Distribution management cloud batch job stuck in processing status

After moving our distribution-mgmt module to a cloud-hybrid setup on ES 10.2.600, we’re experiencing issues with the nightly order allocation batch job. The job starts normally but gets stuck in “Processing” status and never completes. This is blocking our entire order fulfillment process.

The job is scheduled through the Epicor Job Scheduler to run at 2 AM daily. It processes warehouse allocation for pending sales orders. The job ran fine for the first week after migration, but now it consistently hangs. When I check the job status in the morning, it shows:


Job: DIST_ORDER_ALLOCATION_NIGHTLY
Status: Processing
Start Time: 02:00:15
Elapsed: 6h 23m (still running)
Progress: 0%

The cloud application server shows the job process is running but consuming minimal CPU. There are no error logs, no timeout messages - it just sits there indefinitely.
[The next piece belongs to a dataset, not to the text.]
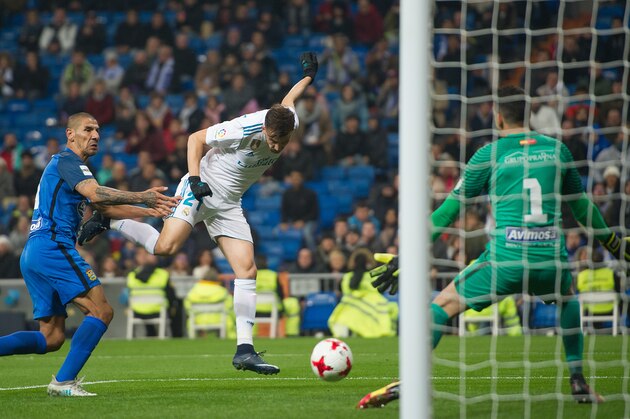 MADRID, SPAIN - NOVEMBER 28: Borja Mayoral of Real Madrid CF beats Pol of Fuenlabrada to score his team's opening goal during the Copa del Rey, Round of 32, Second Leg match between Real Madrid and Fuenlabrada at Estadio Santiago Bernabeu on November 28, 2017 in Madrid, Spain. (Photo by Denis Doyle/Getty Images)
Manual order allocation through the UI works fine during the day. The scheduler agent connectivity seems OK for other jobs. Could this be related to cloud firewall configuration or job heartbeat timeout settings? We need this resolved urgently as orders are piling up.

The fact that it worked initially suggests the job configuration itself is correct. A job that starts but never progresses or completes usually indicates a connectivity issue between the scheduler agent and the worker process, especially in cloud-hybrid environments where they might be on different network segments.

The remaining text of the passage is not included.